## Data shown
- Opening Delimiter -

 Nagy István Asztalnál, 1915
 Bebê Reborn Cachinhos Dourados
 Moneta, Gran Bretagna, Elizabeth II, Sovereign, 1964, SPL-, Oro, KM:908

- Closing Delimiter -

## Your instructions
Give again each line of the listing above, keeping every word the same.

## Finished task
 Nagy István Asztalnál, 1915
 Bebê Reborn Cachinhos Dourados
 Moneta, Gran Bretagna, Elizabeth II, Sovereign, 1964, SPL-, Oro, KM:908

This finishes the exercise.